» **Activity**:
Find every line below where the word "wedding" occurs, then give how many you found and nothing else.

» **Data listing**:
►
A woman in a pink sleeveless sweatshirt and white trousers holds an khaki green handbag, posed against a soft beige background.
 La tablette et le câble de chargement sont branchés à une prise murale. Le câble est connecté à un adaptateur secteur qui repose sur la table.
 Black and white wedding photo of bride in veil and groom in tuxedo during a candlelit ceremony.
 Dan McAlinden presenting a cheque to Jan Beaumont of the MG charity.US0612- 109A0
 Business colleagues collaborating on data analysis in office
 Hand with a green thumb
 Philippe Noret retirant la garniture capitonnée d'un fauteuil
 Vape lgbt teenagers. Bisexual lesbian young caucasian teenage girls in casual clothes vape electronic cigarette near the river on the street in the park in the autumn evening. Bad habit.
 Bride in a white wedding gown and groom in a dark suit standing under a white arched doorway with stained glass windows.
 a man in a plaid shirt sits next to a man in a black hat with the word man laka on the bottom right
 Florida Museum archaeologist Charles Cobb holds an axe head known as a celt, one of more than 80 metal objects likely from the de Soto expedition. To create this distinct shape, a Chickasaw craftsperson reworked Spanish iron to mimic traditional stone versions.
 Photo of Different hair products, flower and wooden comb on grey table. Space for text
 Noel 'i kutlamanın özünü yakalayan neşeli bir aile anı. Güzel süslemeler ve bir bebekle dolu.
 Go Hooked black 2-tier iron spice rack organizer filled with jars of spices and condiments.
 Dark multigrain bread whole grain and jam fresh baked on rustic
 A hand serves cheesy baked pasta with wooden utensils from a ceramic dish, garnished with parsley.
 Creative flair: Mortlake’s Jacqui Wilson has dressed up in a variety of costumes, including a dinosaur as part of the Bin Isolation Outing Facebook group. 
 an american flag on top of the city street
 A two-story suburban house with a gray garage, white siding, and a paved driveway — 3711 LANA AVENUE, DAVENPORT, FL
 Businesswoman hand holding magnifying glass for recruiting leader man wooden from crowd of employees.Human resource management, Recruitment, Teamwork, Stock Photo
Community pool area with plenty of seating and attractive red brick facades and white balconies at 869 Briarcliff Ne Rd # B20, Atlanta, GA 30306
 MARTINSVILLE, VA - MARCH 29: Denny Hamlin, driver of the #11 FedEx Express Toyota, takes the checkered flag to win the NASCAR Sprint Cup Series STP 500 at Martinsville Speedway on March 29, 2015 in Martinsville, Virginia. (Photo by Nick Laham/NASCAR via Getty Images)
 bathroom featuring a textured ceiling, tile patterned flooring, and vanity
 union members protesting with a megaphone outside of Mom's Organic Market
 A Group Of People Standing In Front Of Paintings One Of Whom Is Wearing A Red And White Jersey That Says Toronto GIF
◄
» **Output below**:
2